When Eve thinks that she, like the serpent, will be elevated in position, it is in part because both she and Adam have already been conditioned to believe this by Raphael. The angel seems to be channeling the thoughts of Milton, who holds the belief that “all creation aspires upward through the orders of being[; c]hange is a goal and a duty. God created mankind to dwell initially on earth” (Creaser 165). This is overtly stated in the poem: ‘Not here [in heaven], till by degrees of merit raised/ They open to themselves at length the way/ Up hither, under long obedience tried, /And earth be changed to heaven, and heaven to earth” (Milton VII. 157-160). Adam and Eve expect that will eventually transcend their present state. In the theory of the Great Chain of Being, one step up, and man becomes angels; two rungs up is God. Eve believes that she will gain knowledge to make her, at the very least, an equal partner to Adam. Since Eve feels that she is not on equal footing with Adam, and she wants that changed. She desires and expects equality as a minimum; she hopes for and anticipates superiority at the best. When Milton incorporates this attitude into his epic, he hearkens back to his stance in The Doctrine and Discipline of Divorce. Milton makes it clear that unless a partner is fit intellectually, the relationship is not idyllic. What Milton also does, simultaneously, is to make the same argument that feminists, such as Gilbert and Gubar make: when the minority or “the other” is positioned into a placement of inferiority and/or subjugation, they will desire equality and ultimately they will rebel. However, the feminists fall into the trap that many have succumbed to, “Milton’s image of the Garden of Paradise and his presentation of the State of Innocence have proved especially susceptible to unconscious distortion” (Lewalski 86).

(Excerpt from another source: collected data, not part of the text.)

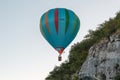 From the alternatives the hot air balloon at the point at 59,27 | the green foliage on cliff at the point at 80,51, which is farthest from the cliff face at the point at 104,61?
the hot air balloon at the point at 59,27

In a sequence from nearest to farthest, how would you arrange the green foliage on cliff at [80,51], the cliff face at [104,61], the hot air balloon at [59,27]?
the cliff face at [104,61] → the hot air balloon at [59,27] → the green foliage on cliff at [80,51]

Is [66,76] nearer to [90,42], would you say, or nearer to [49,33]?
[90,42]

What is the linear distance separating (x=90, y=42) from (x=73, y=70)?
4001 millimetres

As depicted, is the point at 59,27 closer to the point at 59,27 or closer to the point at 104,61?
the point at 59,27

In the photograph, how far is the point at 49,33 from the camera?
36.6 meters

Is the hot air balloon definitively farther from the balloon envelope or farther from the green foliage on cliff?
the green foliage on cliff

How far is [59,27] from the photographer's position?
36906mm

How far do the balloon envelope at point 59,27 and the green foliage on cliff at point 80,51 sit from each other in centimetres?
431

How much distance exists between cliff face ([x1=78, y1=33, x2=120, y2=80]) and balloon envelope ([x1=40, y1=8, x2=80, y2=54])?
3296mm

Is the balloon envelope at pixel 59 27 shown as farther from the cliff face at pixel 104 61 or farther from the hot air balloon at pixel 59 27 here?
the cliff face at pixel 104 61

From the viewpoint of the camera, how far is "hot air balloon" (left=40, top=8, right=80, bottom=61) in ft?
120

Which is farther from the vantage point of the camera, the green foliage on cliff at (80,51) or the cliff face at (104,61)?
the green foliage on cliff at (80,51)

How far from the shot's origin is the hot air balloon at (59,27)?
3653cm

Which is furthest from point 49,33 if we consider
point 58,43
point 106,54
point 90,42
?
point 90,42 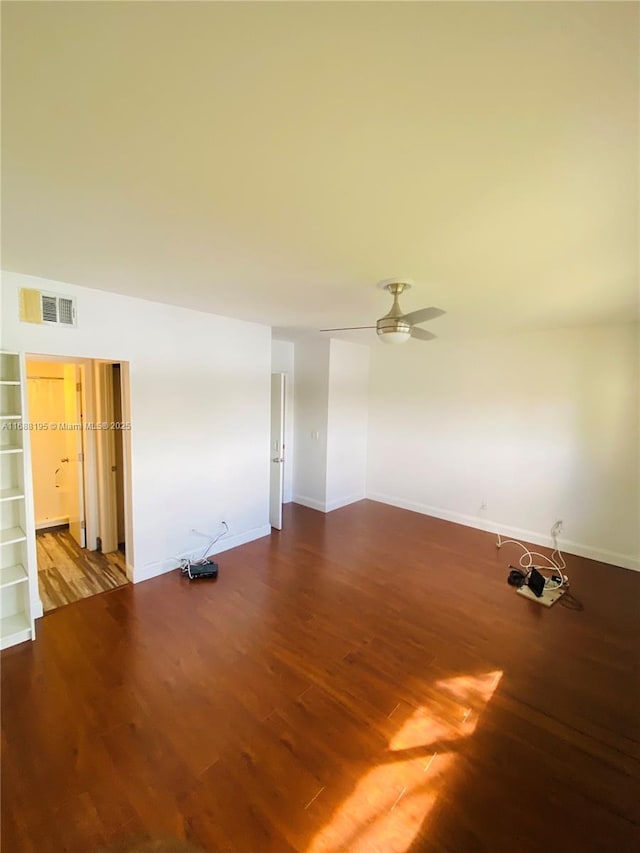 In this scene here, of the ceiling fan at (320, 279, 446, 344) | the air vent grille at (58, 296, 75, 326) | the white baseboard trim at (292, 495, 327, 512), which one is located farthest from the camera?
the white baseboard trim at (292, 495, 327, 512)

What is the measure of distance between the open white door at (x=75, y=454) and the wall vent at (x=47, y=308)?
4.11ft

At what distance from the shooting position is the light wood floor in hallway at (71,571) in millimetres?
3225

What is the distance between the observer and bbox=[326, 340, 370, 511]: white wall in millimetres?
5492

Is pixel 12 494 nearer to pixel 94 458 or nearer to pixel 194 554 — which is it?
pixel 94 458

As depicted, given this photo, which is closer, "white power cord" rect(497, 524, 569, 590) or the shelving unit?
the shelving unit

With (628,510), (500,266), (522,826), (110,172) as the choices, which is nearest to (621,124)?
(500,266)

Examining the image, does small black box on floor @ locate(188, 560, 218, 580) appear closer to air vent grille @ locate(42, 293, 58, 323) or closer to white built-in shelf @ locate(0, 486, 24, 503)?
white built-in shelf @ locate(0, 486, 24, 503)

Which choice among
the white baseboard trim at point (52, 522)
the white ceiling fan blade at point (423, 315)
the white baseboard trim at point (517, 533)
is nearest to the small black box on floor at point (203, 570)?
the white baseboard trim at point (52, 522)

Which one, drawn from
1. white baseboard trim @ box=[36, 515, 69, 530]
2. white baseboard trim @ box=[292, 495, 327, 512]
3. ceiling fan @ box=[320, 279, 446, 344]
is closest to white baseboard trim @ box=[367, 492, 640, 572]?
white baseboard trim @ box=[292, 495, 327, 512]

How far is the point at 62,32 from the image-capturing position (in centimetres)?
82

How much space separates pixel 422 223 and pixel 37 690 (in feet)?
Answer: 11.3

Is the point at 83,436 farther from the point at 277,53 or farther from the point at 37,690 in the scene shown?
the point at 277,53

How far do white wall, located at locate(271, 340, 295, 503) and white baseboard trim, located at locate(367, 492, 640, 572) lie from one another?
149 centimetres

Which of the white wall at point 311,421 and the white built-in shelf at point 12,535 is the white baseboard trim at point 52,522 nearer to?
the white built-in shelf at point 12,535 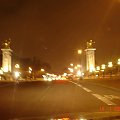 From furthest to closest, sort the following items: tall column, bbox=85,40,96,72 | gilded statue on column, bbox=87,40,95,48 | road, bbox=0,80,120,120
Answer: tall column, bbox=85,40,96,72
gilded statue on column, bbox=87,40,95,48
road, bbox=0,80,120,120

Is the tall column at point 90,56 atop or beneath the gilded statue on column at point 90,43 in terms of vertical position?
beneath

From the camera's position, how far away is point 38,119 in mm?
15078

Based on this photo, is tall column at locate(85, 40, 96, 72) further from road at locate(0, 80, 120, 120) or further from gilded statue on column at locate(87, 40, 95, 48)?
road at locate(0, 80, 120, 120)

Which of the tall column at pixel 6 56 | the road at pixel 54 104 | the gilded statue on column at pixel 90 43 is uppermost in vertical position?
the gilded statue on column at pixel 90 43

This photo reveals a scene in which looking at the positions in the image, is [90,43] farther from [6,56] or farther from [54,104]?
[54,104]

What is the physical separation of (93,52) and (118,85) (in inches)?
5067

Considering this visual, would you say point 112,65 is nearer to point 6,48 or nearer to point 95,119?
point 6,48

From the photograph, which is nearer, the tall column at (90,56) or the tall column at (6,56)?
the tall column at (6,56)

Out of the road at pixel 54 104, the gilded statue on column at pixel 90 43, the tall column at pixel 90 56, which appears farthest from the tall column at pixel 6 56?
the road at pixel 54 104

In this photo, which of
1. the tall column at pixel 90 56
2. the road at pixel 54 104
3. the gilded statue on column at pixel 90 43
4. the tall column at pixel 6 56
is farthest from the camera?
the tall column at pixel 90 56

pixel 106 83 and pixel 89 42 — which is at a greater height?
pixel 89 42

Part of the reason that Eve partakes in the fruit is that her identity is based on her feeling that she is inferior to Adam. This attribute also exemplifies a crucial difference between Eve and Satan. Satan is horrified at the suggestion of change. This is an underlying factor in his continued degradation and degeneration throughout the text. He emerges as a paradox. who is “the poem’s most dynamic character and yet throughout shows himself to be trapped in his rigidity of pride. Indeed, much of his dramatic power comes from the conflict between his capacity for change and his insistence on fixity” (Creaser 162). In contrast, Eve gives voice to the fact that she relishes the changes she sees in nature: “All seasons and their change, all please alike” (IV. 640).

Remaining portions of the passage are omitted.